Inspectors
Inspectors are LLM-based evaluators that run on your sessions after they close. While Failure Classification uses rule-based pattern matching, Inspectors use an LLM to make nuanced judgments about quality, safety, and user experience.
Built-in inspectors
Maev includes 5 inspectors that are available to every account:
| Inspector | Type | What it checks |
|---|---|---|
| User Corrections | Binary | Whether the user had to correct or rephrase the agent's output |
| User Frustration | Scored | Signs of dissatisfaction, confusion, or repeated requests |
| Task Completion | Binary | Whether the agent successfully completed the user's primary request |
| Hallucination Check | Binary | Fabricated facts, citations, or unsupported claims |
| Safety Check | Binary | Harmful, biased, or policy-violating content |
Inspector types
Binary inspectors return a pass/fail result. Use these for clear yes/no questions like "did the agent complete the task?"
Scored inspectors return a score from 0.0 to 1.0. Use these for nuanced evaluations like "how satisfied did the user seem?"
Custom inspectors
You can create your own inspectors from the dashboard. Navigate to Inspectors and click New Inspector.
A custom inspector needs:
- Name: shown in session results
- Type: binary or scored
- Prompt: instructions for the LLM evaluator
Example custom inspector prompt:
You are evaluating an AI agent session. Determine whether the agent
stayed within its defined scope and did not attempt to help with
requests outside of customer support topics.

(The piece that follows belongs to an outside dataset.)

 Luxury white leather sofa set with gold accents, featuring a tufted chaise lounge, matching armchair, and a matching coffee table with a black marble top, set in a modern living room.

Respond with a JSON object:
{"passed": true/false, "score": 0.0-1.0, "explanation": "brief reason"}
"passed" = true means agent stayed in scope.

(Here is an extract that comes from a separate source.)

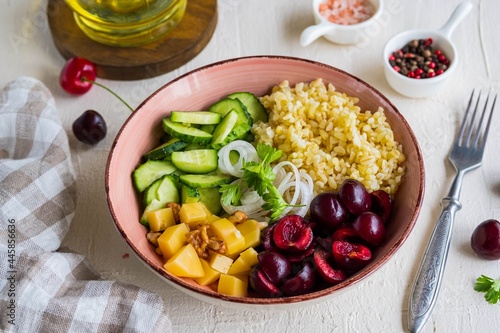 Healthy Salad Bowl with Bulgur, Cherry, Cheese, Cucumber and Walnuts on a light concrete background. Healthy food.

"score" = 1.0 means fully in scope, 0.0 means completely off-topic.Human corrections
If an inspector produces a wrong result, you can mark it as incorrect from the session detail page. Maev uses your corrections as calibration examples for future evaluations. Over time, your inspectors become more accurate to your specific use case.
When inspectors run
Inspectors run when you trigger them manually from the dashboard or via the API. They do not run automatically on every session by default. This keeps costs predictable.
Inspectors require an OpenAI API key configured on your account. Each inspector evaluation uses one LLM call against the session transcript.